The government presented a proposal on Tuesday to revise its regional revitalization strategy, including strengthened support for major cities outside the Tokyo metropolitan area.
To combat the over-concentration of people and businesses in the capital, the government aims to create attractive footholds nationwide.
Excluding those in Tokyo and its three neighboring prefectures of Saitama, Chiba and Kanagawa, the program will chiefly cover prefectural capitals, ordinance-designated major cities and so-called core cities, which can serve as centers of regional economies.
The government intends to set up a system in which ministries and agencies will make efforts across various sectors to address each of the regional policy challenges, such as the revitalization of shopping streets and the development of an international business environment.
The government will provide support, such as raising the upper limit on subsidies for regional revitalization projects.
The proposal is set to be adopted by the Cabinet as early as Friday.
Following the recent enactment of the revised immigration control law, aimed at allowing more foreign nationals to join Japan’s workforce, the government will actively offer financial support to municipalities that accept more foreign workers.
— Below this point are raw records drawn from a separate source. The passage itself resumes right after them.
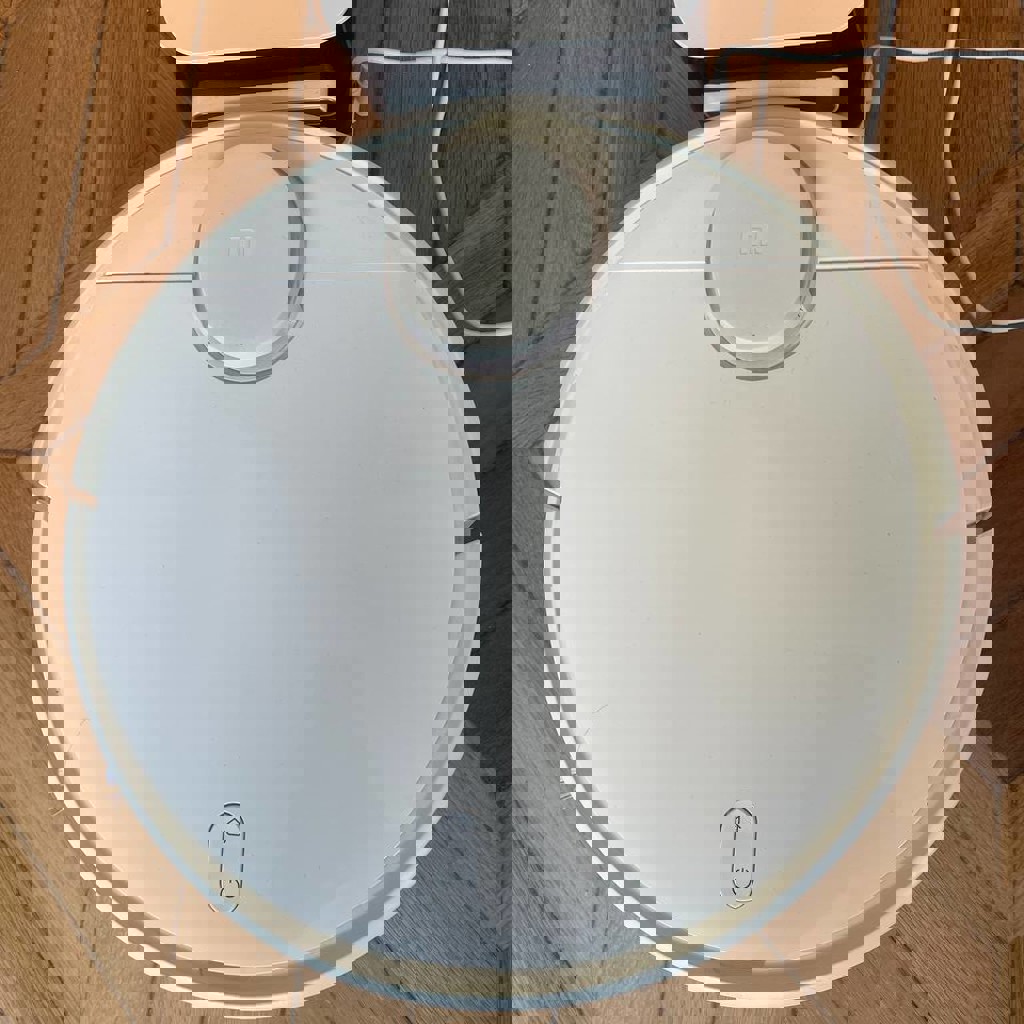 Робот-пылесос Xiaomi Mi Robot Vacuum-Mop P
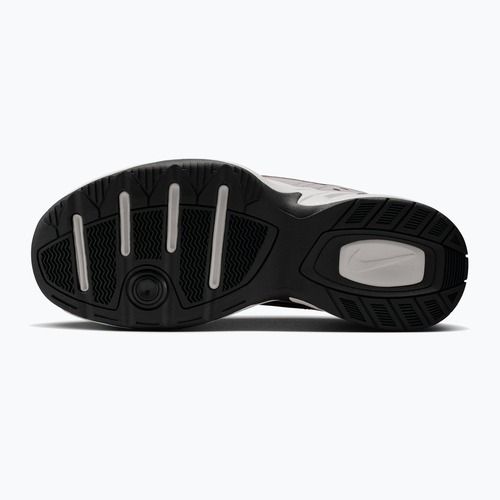Кросівки для тренувань чоловічі Nike Air Monarch IV moon particle/black/dark hazel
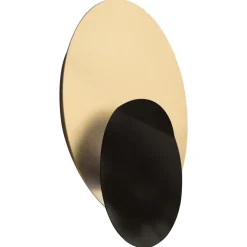 Scur & Ciar Wandlampe von Luce Tu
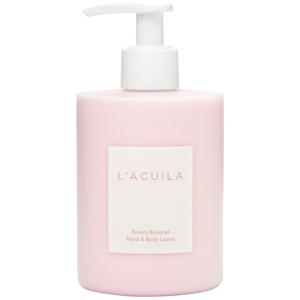 L'Acuila Riviera Bouquet Hand & Body Lotion 300 ml produkt bild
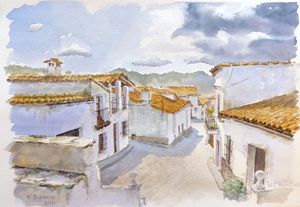 Castaño del Robledo 10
Using the subsidies, the government aims to encourage multicultural projects, including exchanges with local residents.
The proposal also includes deregulation to make it easier for stores and welfare facilities to be established within suburban residential complexes, as well as a support program under which up to ¥3 million will be given to residents of Tokyo’s densely populated 23 wards, as well as commuters to the city, after they move outside the capital.